Haddop was born to solve this problem. Haddop can easily put a lot of Linux cheap pc composed of distributed nodes, and then programmers do not need to know the distributed algorithm, and so on, just according to the MapReduce rules to define the interface method, the rest to Haddop. It automatically distributes the relevant calculations to each node and then results.
For example, the above example: Hadoop to do is first to import 1PB data files into the HDFs, and then the programmer defined map and reduce, that is, the file is defined as key, the content of each row is defined as value, then a regular match, the success of the match will pass the result redu Ce converged up to return. Hadoop will distribute this program to n nodes to operate in parallel.
Then it might have to be counted for days to narrow it down to a few hours after having enough nodes.
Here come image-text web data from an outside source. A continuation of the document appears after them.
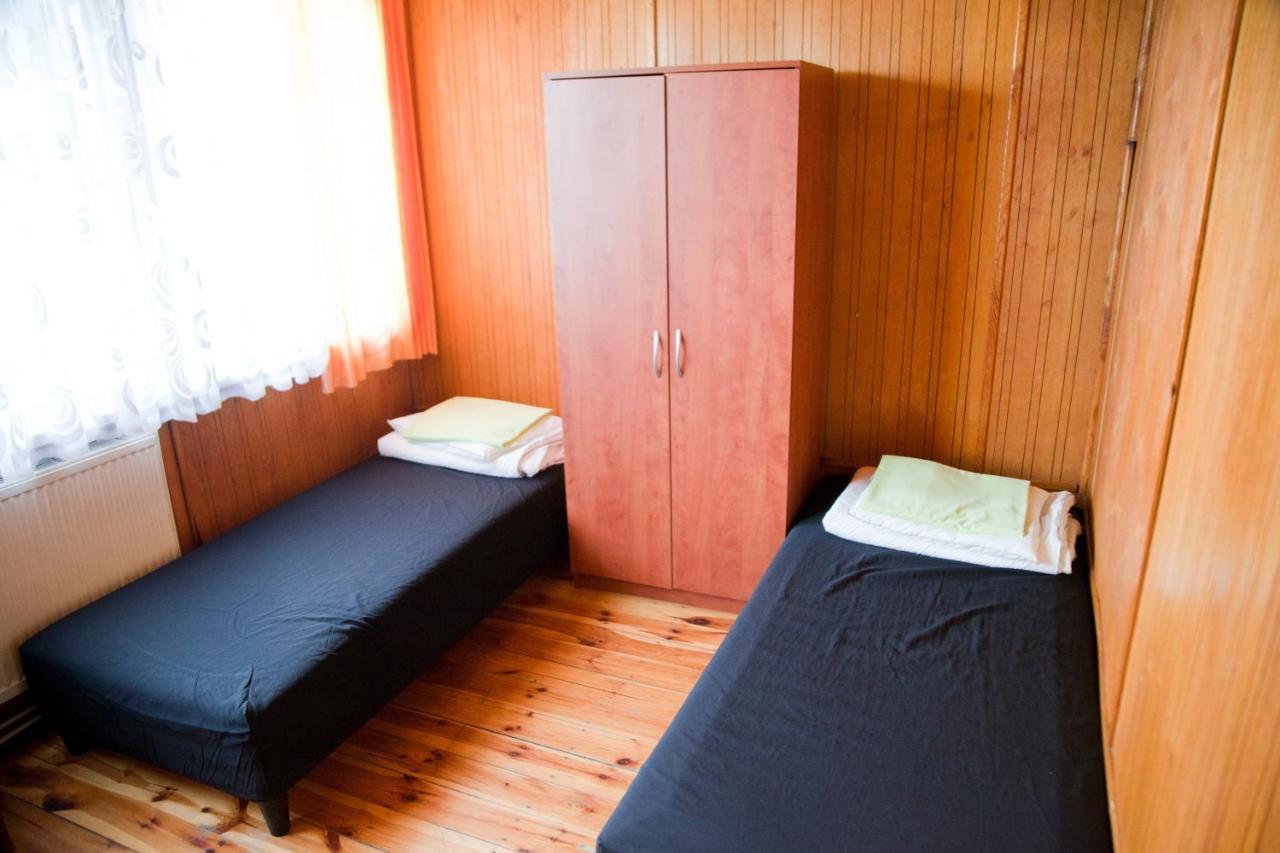 Camping Oaza Blonie Kornik Domki Standard - 3 Pokoje Eksteriør bilde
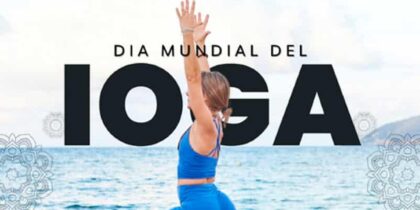 Día Mundial del Yoga en San Juan
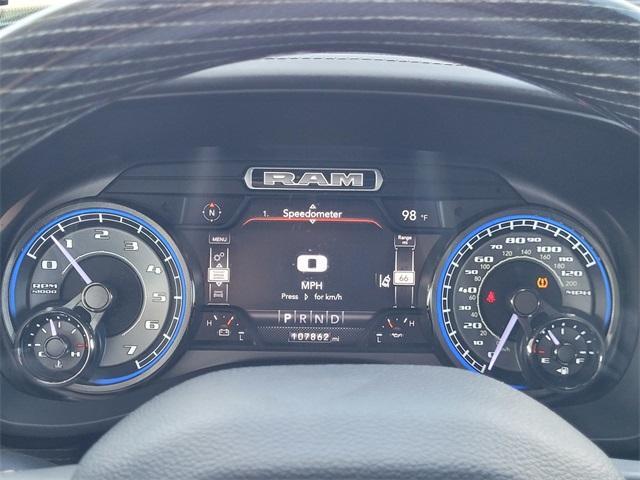 used 2021 Ram 2500 car, priced at $40,500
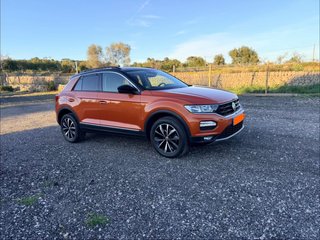 Volkswagen T-Roc Advance Style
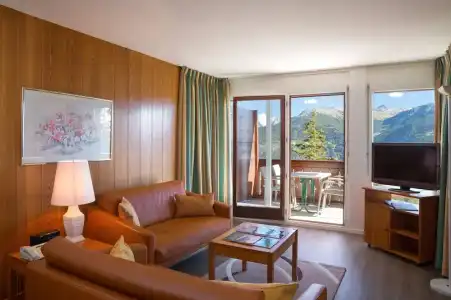 Apparthôtel Helvetia Intergolf - 88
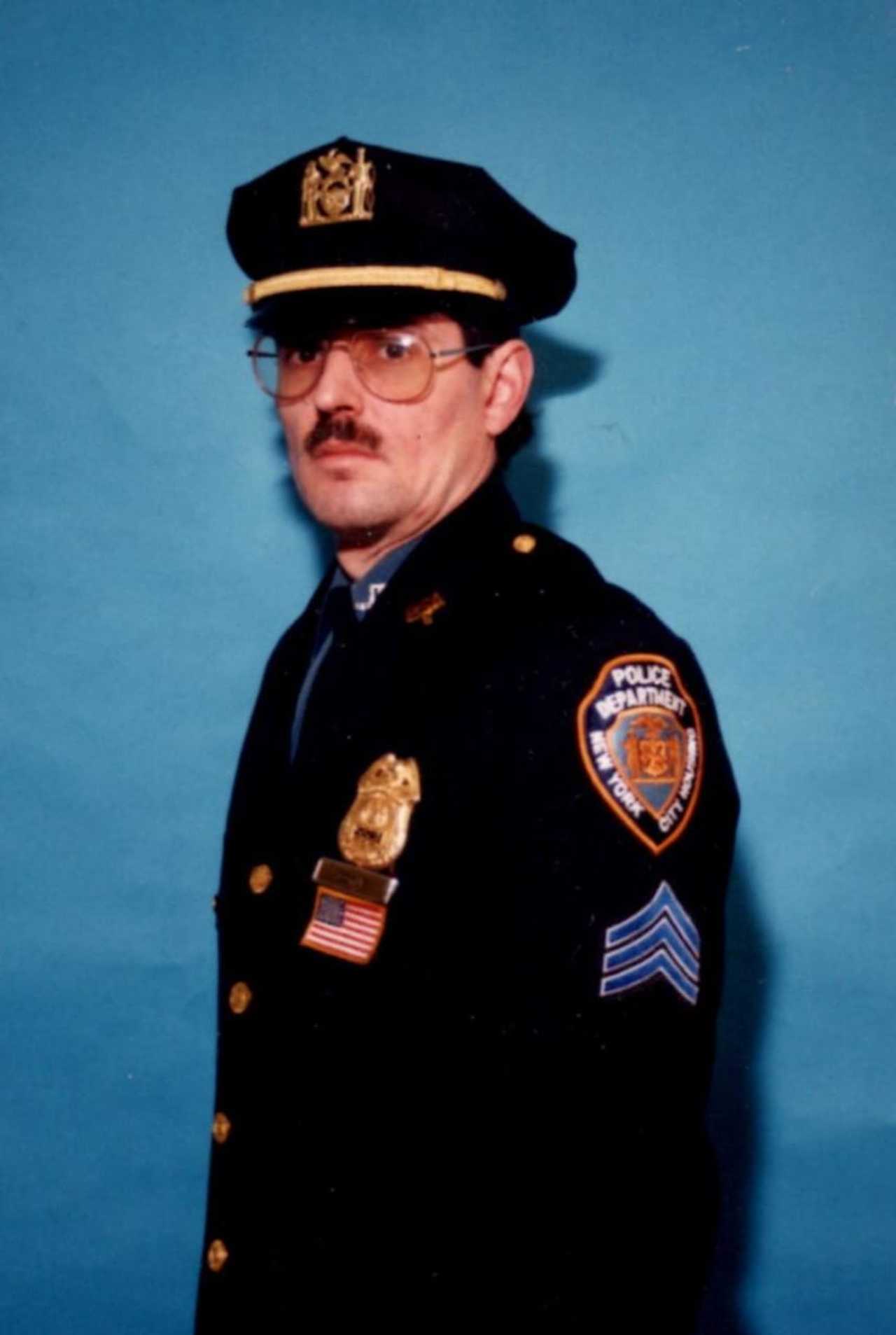 Patrick 'Ducky' Coyne, 60, Nypd Officer From Mount Kisco Served During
This is the so-called Big Data cloud computing. If you still don't understand, take a simple example.
For example, 100 million 1 added to calculate the result, we easily know that the result is 100 million. But the computer does not know. Then the single computer handles the way to do a 100 million cycles each time the result is +1
The distributed processing then becomes I use 10,000 computers, each computer only needs to calculate 10,000 1 to add, then has one computer to add 10,000 computers the result again
And get the final result.
In theory, the speed of calculation is 10,000 times times higher. Of course, the above may be an inappropriate example. But the so-called distributed, large data, cloud computing is probably the case.


What Hadoop can do for our company.
0 Data base, 0 data platform, all starting point is 0.


Log processing user segmentation feature modeling personalized advertising recommend Smart instruments recommend everything to increase the business value of the enterprise as the core purpose, the ultimate goal
How to use Hadoop
The application of Hadoop in the Division I also belong to research and development projects, to use the analysis of the log to go through a process, because this stage does not need data mining professionals, in the data analysis phase, and the system has database engineers, MapReduce has Java development engineers, and analysis by my own intervention , and visualization can be temporarily realized by the front-end JS, originally my research program, for large data solution is hadoop+r, but for R we are completely do not understand, in the company has not been a large number of personnel in the case, only the log analysis now appears to be the most easy to produce results, can also be achieved by less people can have a certain result, so select this direction as a pilot.

Contact Us

The content source of this page is from Internet, which doesn't represent Alibaba Cloud's opinion; products and services mentioned on that page don't have any relationship with Alibaba Cloud. If the content of the page makes you feel confusing, please write us an email, we will handle the problem within 5 days after receiving your email.

If you find any instances of plagiarism from the community, please send an email to: info-contact@alibabacloud.com and provide relevant evidence. A staff member will contact you within 5 working days.

A Free Trial That Lets You Build Big!

Start building with 50+ products and up to 12 months usage for Elastic Compute Service

  • Sales Support

    1 on 1 presale consultation

  • After-Sales Support

    24/7 Technical Support 6 Free Tickets per Quarter Faster Response

  • Alibaba Cloud offers highly flexible support services tailored to meet your exact needs.